> _Exercise requirements_
Once the line containing "Photos of 2 Benmore Crescent" is found in the data below, output that line and every line after it through the last, unchanged and with nothing else.

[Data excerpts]
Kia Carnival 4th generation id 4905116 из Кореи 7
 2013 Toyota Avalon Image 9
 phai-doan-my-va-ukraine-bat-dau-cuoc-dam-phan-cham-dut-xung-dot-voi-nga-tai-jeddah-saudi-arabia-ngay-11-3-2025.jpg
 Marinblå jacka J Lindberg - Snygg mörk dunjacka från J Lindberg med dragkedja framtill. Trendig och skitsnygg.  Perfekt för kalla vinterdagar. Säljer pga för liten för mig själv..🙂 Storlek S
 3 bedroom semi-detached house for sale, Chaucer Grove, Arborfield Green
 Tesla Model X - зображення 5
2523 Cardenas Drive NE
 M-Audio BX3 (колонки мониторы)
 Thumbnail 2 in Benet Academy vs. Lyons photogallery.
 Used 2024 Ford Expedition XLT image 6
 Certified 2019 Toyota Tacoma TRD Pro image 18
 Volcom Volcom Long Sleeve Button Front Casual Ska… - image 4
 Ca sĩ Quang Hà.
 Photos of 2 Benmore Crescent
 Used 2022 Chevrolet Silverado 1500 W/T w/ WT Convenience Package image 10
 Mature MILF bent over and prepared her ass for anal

> _Finished task_
 Photos of 2 Benmore Crescent
 Used 2022 Chevrolet Silverado 1500 W/T w/ WT Convenience Package image 10
 Mature MILF bent over and prepared her ass for anal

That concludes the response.